When selecting an appropriate graph database, it is necessary to consider the characteristics and use cases of each system. Neo4j, as a mature and stable graph database management system, has extensive application and rich community support. It provides powerful graph database features, including efficient graph query language Cypher, scalable graph algorithm library, and flexible data model. Amazon Neptune is a fully managed graph database service with good reliability and scalability, making it easy to integrate with other AWS services. OrientDB is a multi-model database management system that supports various data models such as graph database, document database, and object database, with flexible data models and powerful query capabilities. TigerGraph focuses on handling large-scale graph data and provides high-performance graph algorithms and query engines, with good scalability and efficient data processing capabilities.
However, these graph databases also have their limitations. Neo4j’s deployment and management are relatively complex, leading to higher deployment costs; Amazon Neptune requires additional service fees and is subject to limitations imposed by cloud service providers; OrientDB may lag slightly behind in graph database performance; and TigerGraph’s deployment and management are relatively complex, requiring additional hardware resources to support large-scale data sets. Therefore, when choosing a graph database, it is necessary to comprehensively consider factors such as performance, functionality, cost, and deployment to ensure that it can meet the specific requirements of the application scenario.

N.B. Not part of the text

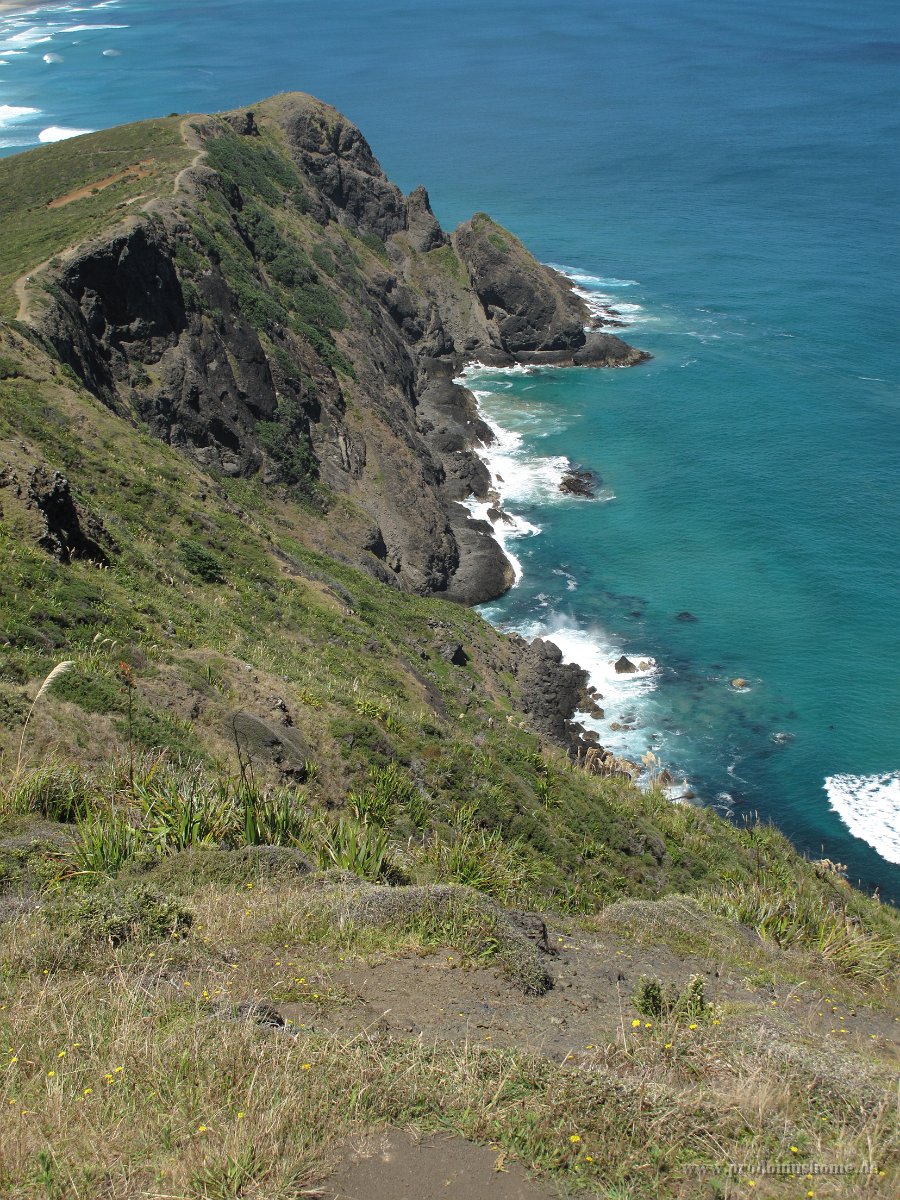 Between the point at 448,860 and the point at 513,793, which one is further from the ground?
the point at 448,860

The reason for choosing Neo4j as the graph database for this project is multifaceted. Firstly, Neo4j is a mature and stable graph database management system that has been widely applied and verified in various fields. Its stability and reliability can meet the project’s requirements for data storage and management. Secondly, the traditional Chinese medicine knowledge graph involved in the project has a complex relationship structure and entity connections, making it very suitable for storage and querying with a graph database. Neo4j provides professional graph database features, including efficient graph query language Cypher and flexible data models, which can effectively handle and manage graph data. Additionally, Neo4j has a user-friendly interface and easy-to-understand query language, enabling users to easily perform data import, querying, and visualization operations. In summary, Neo4j is a mature, stable, graph-focused, user-friendly, and well-supported graph database management system that can meet the project’s requirements for data storage, querying, and visualization, making it an ideal choice.

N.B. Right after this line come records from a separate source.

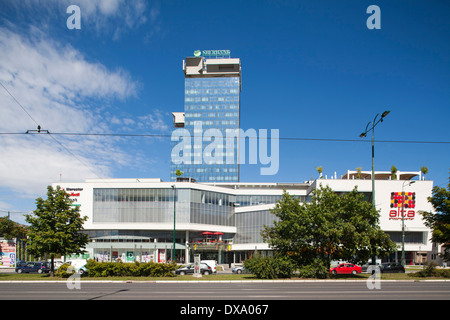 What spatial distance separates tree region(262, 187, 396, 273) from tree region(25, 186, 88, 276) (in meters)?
19.7

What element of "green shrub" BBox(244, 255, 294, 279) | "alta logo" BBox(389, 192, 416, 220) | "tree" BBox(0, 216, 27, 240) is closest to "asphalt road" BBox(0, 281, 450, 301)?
"green shrub" BBox(244, 255, 294, 279)

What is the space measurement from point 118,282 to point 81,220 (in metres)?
13.4

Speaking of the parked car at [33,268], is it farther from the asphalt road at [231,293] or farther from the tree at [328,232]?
the tree at [328,232]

2.5 Applications of knowledge graphs
Nowadays, knowledge graphs are widely applied in our daily lives, and the following applications are closely related to our lives:
•Recommendation Systems: In e-commerce platforms, video websites, social media, and other fields, recommendation systems help users discover items such as products, videos, news, and friends that they may be interested in, thereby enhancing user experience and satisfaction. Implementation: Firstly, it is necessary to collect user behavior data and item information and preprocess and clean them to build a user-item interaction graph. This can be achieved by collecting user behavior data such as clicks, purchases, ratings, and item attribute information. Based on the collected data, construct user nodes, item nodes, and the interaction relationships between users and items to form a user-item interaction graph. This can be implemented using graph databases or graph processing frameworks such as Neo4j and GraphX. Utilizing the information of nodes and edges in the graph, apply recommendation algorithms such as graph-based random walk, matrix factorization, and label propagation to perform personalized recommendations. The algorithms can discover user interests and associations between items through graph traversal or iteration.

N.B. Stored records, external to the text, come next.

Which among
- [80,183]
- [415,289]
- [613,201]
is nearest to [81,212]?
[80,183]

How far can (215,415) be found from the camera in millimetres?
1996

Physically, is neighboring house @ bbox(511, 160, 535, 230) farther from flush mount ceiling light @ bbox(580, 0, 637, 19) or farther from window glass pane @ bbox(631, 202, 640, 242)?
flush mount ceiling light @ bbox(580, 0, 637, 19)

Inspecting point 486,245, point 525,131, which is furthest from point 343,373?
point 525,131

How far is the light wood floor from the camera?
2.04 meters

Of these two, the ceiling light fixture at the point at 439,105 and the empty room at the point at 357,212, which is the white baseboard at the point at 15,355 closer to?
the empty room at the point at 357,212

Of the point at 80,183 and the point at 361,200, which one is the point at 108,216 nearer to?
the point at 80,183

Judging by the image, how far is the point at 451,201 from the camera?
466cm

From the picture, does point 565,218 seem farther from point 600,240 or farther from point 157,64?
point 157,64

•Retrieval Systems: Graphs can be used to build intelligent retrieval systems by modeling entities and attributes in documents or data as nodes and edges in a graph [3]. Efficient information retrieval can be achieved using graph search algorithms such as graph traversal and graph matching technologies. Indexing techniques and query optimization techniques can be employed to improve retrieval efficiency, combined with natural language processing techniques to implement semantic search. Implementation: Model entities, attributes, and relationships in documents or data as nodes and edges of a graph and build indexes to accelerate retrieval. This can be achieved by entity extraction, relationship extraction, and text indexing using text processing techniques. Upon receiving user query requests, utilize graph search algorithms such as depth-first search, breadth-first search, and Dijkstra’s algorithm to process queries in the graph. Query expansion and result ranking based on the semantics of user queries can be performed to improve retrieval efficiency and accuracy. Present the query results to users in a visualized manner, providing interactive retrieval interfaces and diverse presentation formats such as lists, graphs, and maps to meet users’ different needs and preferences.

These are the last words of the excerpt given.